* EXERCISE PROMPT
Starting at the top of the entries, restate word for word each line up to and including the one with "British Colour Standard".

Stored data:
########################################
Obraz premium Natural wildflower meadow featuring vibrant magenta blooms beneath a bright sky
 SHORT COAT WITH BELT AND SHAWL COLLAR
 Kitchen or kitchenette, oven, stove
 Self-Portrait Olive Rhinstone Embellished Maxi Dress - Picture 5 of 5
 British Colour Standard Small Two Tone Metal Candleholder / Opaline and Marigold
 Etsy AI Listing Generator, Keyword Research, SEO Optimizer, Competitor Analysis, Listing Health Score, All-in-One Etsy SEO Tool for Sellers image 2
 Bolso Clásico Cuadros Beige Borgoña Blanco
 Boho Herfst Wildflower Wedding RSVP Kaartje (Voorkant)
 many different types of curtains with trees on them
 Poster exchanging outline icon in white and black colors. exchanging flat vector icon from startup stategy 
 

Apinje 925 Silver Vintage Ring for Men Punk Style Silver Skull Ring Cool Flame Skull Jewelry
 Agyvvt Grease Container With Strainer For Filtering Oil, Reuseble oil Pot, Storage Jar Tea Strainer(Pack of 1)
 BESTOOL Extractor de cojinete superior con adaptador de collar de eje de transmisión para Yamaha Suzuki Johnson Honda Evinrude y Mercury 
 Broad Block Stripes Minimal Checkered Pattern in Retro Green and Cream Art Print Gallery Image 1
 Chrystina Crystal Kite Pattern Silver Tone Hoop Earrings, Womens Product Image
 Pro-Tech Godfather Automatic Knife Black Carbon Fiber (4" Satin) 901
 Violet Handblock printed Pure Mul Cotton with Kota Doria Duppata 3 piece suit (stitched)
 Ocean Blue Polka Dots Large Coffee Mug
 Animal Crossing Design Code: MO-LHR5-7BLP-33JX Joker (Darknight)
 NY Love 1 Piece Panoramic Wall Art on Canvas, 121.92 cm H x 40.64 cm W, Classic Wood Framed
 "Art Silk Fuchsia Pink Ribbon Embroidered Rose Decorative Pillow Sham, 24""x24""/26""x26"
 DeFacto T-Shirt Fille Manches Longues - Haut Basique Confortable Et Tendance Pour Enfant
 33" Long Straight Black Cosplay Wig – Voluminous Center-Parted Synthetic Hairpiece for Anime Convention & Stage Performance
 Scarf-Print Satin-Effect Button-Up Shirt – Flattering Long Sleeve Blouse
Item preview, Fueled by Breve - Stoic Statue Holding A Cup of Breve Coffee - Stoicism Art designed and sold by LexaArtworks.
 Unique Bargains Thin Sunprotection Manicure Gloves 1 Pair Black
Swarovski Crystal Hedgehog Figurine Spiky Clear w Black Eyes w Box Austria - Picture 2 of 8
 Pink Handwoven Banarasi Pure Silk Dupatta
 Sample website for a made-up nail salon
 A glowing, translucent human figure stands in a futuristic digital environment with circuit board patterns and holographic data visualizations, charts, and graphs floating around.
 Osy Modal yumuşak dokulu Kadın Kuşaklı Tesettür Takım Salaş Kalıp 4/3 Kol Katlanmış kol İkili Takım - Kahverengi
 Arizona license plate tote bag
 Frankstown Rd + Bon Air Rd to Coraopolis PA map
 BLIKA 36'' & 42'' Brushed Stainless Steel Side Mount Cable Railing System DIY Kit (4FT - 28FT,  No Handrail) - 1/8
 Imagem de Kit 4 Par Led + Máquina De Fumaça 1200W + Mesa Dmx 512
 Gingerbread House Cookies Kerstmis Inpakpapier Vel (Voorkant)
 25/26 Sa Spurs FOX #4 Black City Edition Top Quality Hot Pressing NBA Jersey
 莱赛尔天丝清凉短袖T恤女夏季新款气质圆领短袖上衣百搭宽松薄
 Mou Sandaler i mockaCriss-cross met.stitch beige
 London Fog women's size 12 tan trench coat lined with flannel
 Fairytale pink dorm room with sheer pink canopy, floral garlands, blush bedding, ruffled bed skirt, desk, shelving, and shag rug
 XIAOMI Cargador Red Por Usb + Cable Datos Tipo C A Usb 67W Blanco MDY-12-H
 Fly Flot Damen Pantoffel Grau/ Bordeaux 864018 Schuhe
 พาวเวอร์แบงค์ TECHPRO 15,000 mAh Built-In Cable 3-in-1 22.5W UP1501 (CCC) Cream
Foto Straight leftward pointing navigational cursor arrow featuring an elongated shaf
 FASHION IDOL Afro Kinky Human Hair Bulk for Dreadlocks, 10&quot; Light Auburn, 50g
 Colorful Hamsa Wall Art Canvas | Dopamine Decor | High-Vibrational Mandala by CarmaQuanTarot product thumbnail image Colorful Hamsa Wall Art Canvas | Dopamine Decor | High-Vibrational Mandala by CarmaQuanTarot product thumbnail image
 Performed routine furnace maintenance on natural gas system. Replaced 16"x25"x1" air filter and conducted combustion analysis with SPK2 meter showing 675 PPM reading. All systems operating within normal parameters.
########################################
* TASK RESULT
Obraz premium Natural wildflower meadow featuring vibrant magenta blooms beneath a bright sky
 SHORT COAT WITH BELT AND SHAWL COLLAR
 Kitchen or kitchenette, oven, stove
 Self-Portrait Olive Rhinstone Embellished Maxi Dress - Picture 5 of 5
 British Colour Standard Small Two Tone Metal Candleholder / Opaline and Marigold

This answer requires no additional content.